# Goal of the exercise
Search the material below for the word "Jeans" and copy every line in which it occurs.

# Data under study
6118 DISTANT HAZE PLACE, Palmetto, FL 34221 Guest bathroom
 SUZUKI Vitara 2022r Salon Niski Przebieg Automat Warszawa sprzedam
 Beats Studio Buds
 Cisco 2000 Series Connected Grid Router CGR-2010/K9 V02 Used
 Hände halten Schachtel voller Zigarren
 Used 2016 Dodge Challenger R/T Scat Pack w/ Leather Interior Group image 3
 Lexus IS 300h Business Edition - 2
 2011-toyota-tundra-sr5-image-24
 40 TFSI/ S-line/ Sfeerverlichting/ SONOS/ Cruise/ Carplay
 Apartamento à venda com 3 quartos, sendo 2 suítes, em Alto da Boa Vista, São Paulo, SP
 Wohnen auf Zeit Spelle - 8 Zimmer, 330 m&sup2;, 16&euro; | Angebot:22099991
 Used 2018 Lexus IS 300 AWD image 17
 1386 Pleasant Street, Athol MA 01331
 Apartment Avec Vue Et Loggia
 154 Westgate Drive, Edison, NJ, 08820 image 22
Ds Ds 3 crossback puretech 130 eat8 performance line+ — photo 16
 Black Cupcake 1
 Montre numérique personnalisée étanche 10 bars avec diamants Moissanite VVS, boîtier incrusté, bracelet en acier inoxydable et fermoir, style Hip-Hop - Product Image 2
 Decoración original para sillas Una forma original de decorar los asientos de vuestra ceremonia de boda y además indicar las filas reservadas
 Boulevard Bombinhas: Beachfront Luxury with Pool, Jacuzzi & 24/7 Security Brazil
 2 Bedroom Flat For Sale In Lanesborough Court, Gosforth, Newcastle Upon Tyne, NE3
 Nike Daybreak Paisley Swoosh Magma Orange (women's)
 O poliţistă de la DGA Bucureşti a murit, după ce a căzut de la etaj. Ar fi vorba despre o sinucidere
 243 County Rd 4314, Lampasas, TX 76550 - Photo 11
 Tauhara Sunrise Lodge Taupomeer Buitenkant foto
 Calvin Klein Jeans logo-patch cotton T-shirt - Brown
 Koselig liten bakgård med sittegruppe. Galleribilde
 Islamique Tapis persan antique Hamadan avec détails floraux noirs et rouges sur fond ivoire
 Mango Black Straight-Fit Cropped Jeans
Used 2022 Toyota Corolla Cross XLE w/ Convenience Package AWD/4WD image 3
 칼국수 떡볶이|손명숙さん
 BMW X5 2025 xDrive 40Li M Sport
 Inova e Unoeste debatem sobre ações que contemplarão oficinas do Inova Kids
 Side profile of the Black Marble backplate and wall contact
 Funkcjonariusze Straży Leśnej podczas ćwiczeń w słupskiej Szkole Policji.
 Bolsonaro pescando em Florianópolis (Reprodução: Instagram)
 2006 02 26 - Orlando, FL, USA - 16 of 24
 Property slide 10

# Solution to this problem
 Calvin Klein Jeans logo-patch cotton T-shirt - Brown
 Mango Black Straight-Fit Cropped Jeans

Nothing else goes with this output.